I notice that mixed with my appreciation of the wonderful opportunity, fear of harm is also making an appearance in my mind and I remind myself to breathe and be peaceful, and to remember that I am safe.
I notice the generousity I have towards the present moment, allowing myself the space for being peaceful right now. I look around and enjoy the men around me. Their mildly aggressive demeanor seems to be the norm. It is not directed at me.
I loose a few times, I win a few. For whatever reason, a score is being kept, but by the end of the games no winnings are collected. As the coffee house is getting closed down I leave the coffee house with Rashid and one of his friends, a young man that could easily be casted as the villan in any Hollywood Arab-themed production. They ask me if I want to join them to the garden and smoke some more hashish. I wonder if I'm going too far and putting myself in danger. Since I gave all my money to Rashid all that can be taken from me now is my camera.

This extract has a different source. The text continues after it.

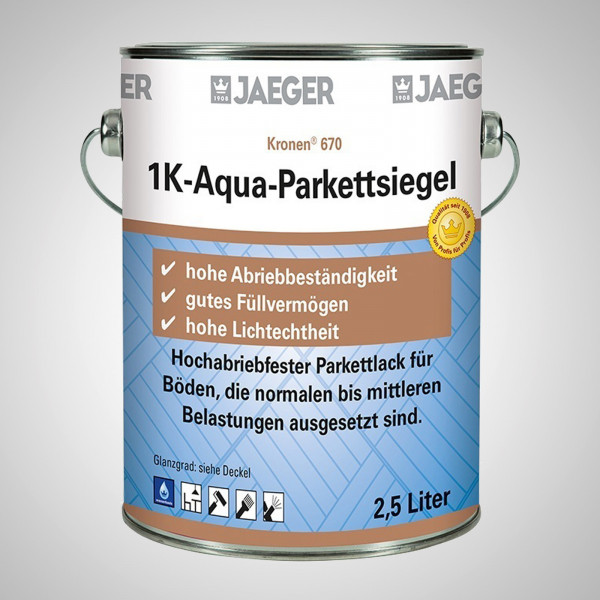Jaeger 670 1K-Aqua-Parketts. SG 2,5l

I guess I'm willing to surrender my camera. I already "gave" one camera in this trip, so why not another?
The experience in the garden overlooking the lagoon, lit only by the full moon, is lovely and peacefull. We share a joint and decide that tomorrow I'll meet Rashid in the morning and go to the hamam. He suggests that after the Hamam we'll go to eat couscous at his parents home. I'm very grateful to be invited.
Back in the hotel I realize how grateful I am for the day, as no harm came my way, as I felt no lack, and as I humbly saw an extension of myself in all that I met.